Publicamos este artículo en homenaje a J. C. García de Polavieja
Cuando, hace ciento cuatro años, en 1908, apareció la novela El amo del mundo (The Lord of the World) de Robert Hugh Benson, la conmoción de la sociedad británica, barnizada de hipocresía victoriana, fue tremenda: No únicamente por el contenido del libro, que denunciaba indirectamente el rumbo anticristiano de las islas, sino, además, por la identidad del autor, cuya conversión al catolicismo cinco años antes había sido sonada. Porque Benson era el hijo menor del anterior primado anglicano y arzobispo de Canterbury, Edward White Benson. Tras la conversión de Newman (1845) y de su compañero en el movimiento de Oxford, H.E. Maning (1851), la segunda mitad del s. XIX había visto a la “alta iglesia” anglicana sobreponerse, con dificultad, a la atracción de Roma; y el tránsito romano de Benson les pareció a muchos el inicio de una desbandada anglicana que, sin embargo, tendría que esperar hasta el s. XXI y la disposición Anglicanorum Coetibus de Benedicto XVI.
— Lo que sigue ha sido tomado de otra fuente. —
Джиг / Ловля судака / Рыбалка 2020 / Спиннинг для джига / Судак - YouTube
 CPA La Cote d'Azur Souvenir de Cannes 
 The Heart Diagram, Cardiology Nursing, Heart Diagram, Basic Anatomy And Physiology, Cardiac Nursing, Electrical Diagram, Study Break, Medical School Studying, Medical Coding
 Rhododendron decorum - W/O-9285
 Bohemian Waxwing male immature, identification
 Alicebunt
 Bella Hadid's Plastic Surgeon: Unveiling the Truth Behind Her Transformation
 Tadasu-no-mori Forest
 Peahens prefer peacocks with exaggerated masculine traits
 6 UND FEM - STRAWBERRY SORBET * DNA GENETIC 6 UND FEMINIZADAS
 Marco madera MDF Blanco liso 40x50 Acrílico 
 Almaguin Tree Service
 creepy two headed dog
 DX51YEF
La influencia del beato John Henry Newman en la conversión de Benson – como en las de G.K. Chesterton y Ronald Knox – fue decisiva. Había sido forjada por las conversaciones, no siempre templadas, que escuchó a lo largo de su adolescencia, en su ambiente familiar; pues contrastaban con la humildad del gran pensador, recluido en el oratorio de Birmingham. Humildad recompensada finalmente por León XIII, en 1879, con el capelo cardenalicio. Pero si la apología de Newman “Pro vita sua” había sido determinante del tránsito de Benson, fueron los cuatro sermones de 1835 sobre el Anticristo – escritos cuando aquel permanecía anglicano – los que inspiraron El amo del mundo, su obra más conocida. De ella interesa especialmente el tratamiento de la gran apostasía religiosa de la etapa anticrística, porque muchos católicos “eclesiásticamente correctos” siguen negando sin rebozo que nos encontremos metidos en esa etapa… Recordemos los silencios contrariados que suscitó el comentario del Papa Benedicto XVI (el día 11 de marzo del 2012) sobre el anticristo. Por ello puede ser muy útil recordar algunos planteamientos de la novela de Benson, auténticamente proféticos: Como veremos, la realidad actual supera ampliamente aquella ficción. Pero, aun así, hay que inclinarse ante su perspicacia.
En el primero de sus sermones (El tiempo del Anticristo), Newman decía literalmente que “el hombre de pecado nace de una apostasía, o por lo menos accede al poder por medio de una apostasía, o es precedido por una apostasía, o no existiría si no fuese por una apostasía” (p. 35). El beato enumeró prudentemente esas distintas posibilidades, sin excluir que se dieran todas juntas. Pero, antes, había citado como ejemplo de apostasía unos hechos relatados en el libro de los Macabeos: “En aquellos días surgieron en Israel hombres inicuos, que persuadieron a muchos diciendo: Vamos y hagamos alianza con los paganos que nos rodean, puesto que desde que nos separamos de ellos nos han sobrevenido muchas penalidades. Este consejo les pareció bien” (1 Mac 1, 1113). Texto sugerente porque, siendo Israel figura de la Iglesia, lo que Newman estaba advirtiendo sobre la apostasía es que surgirán EN LA IGLESIA hombres inicuos que persuadirán a muchos para hacer alianza con los paganos que nos rodean; aduciendo lo penoso que resulta separarse del mundo… Y Newman ya había fundamentado esta profecía apuntando el “enfriamiento de la caridad” previsto por Jesucristo (Mt 24, 12) como su causa profunda. Se engañarían, sin embargo, quienes equivocasen tal “enfriamiento”, porque lo que el Señor estaba avisando es la perversión de la caridad, que se “enfría” cuando es desconectada del fuego divino: Porque el Amor, con mayúscula, consiste en guardar los mandamientos de Dios (1 Jn 5, 3); y la perversión apóstata y anticrística de la caridad es precisamente tratar de “humanizarla”, rechazando, rebajando u ocultando la norma divina.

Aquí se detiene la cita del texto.